### DESCRIPTION OF THE TASK
Starting at the line containing "ディズニーの待ち時間何してる?人数別おすすめ暇つぶし術" and ending at the line containing "美品】キヤノン Canon EOS M3 レンズキット☆WIFi搭載&高画質", print every line of the material below exactly, both ends included, and stop there.

### PROVIDED DATA

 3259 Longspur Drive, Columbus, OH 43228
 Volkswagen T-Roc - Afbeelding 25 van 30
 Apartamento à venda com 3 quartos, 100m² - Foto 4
* * *
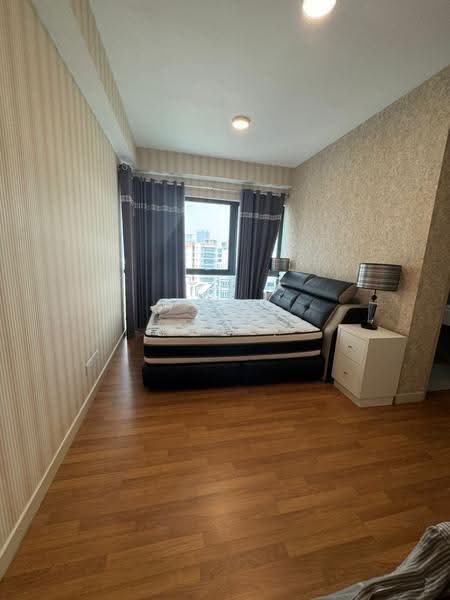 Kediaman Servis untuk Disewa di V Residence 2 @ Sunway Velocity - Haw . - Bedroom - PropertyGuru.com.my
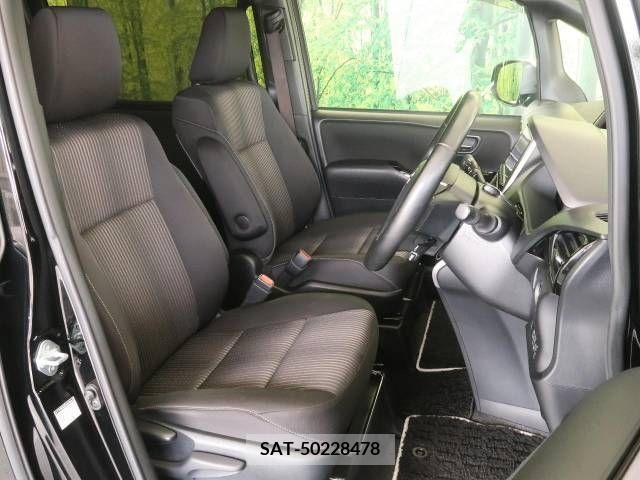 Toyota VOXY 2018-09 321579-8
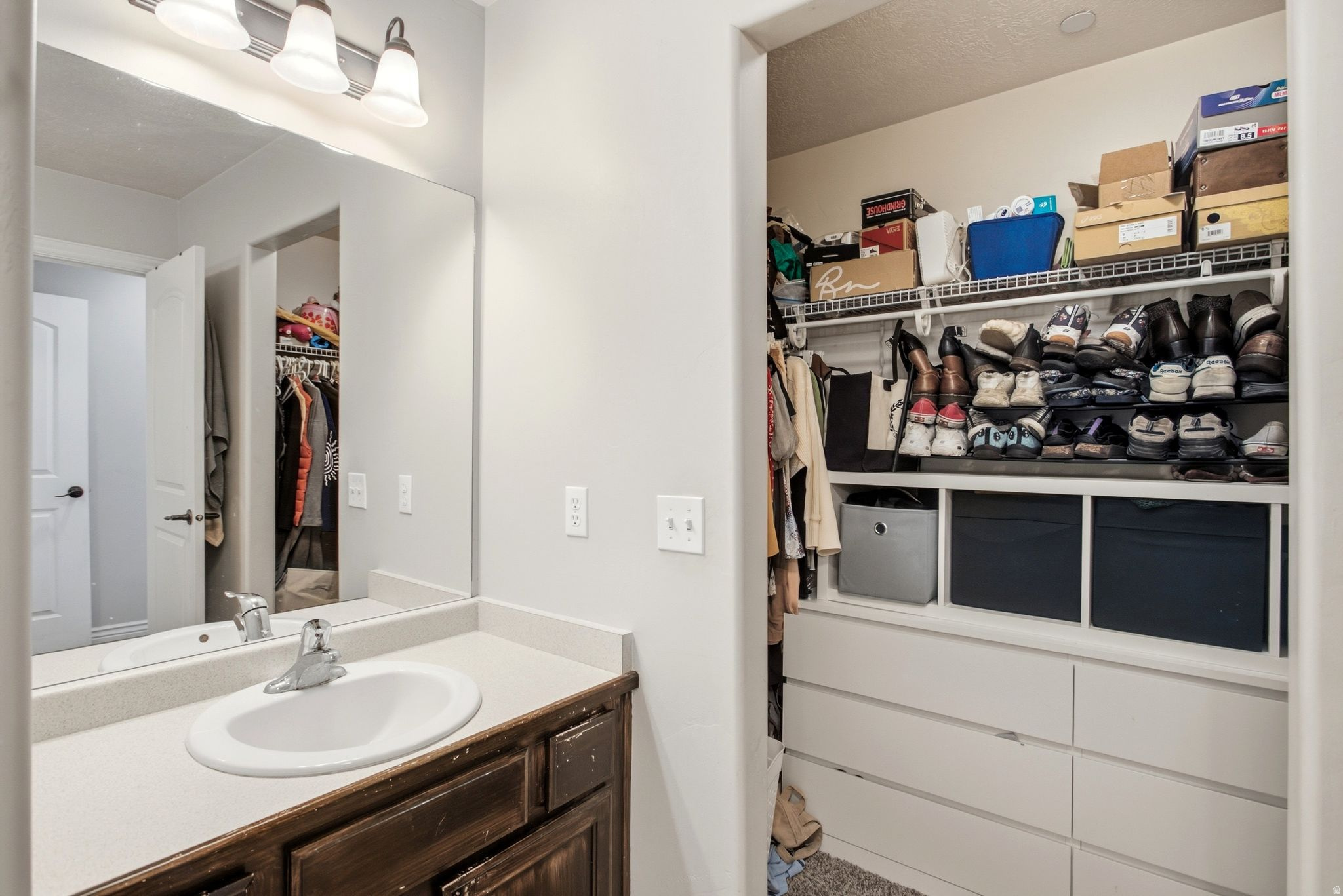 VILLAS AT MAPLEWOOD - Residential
---
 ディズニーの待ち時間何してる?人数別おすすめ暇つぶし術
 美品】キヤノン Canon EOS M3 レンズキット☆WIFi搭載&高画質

### SOLUTION BELOW
 ディズニーの待ち時間何してる?人数別おすすめ暇つぶし術
 美品】キヤノン Canon EOS M3 レンズキット☆WIFi搭載&高画質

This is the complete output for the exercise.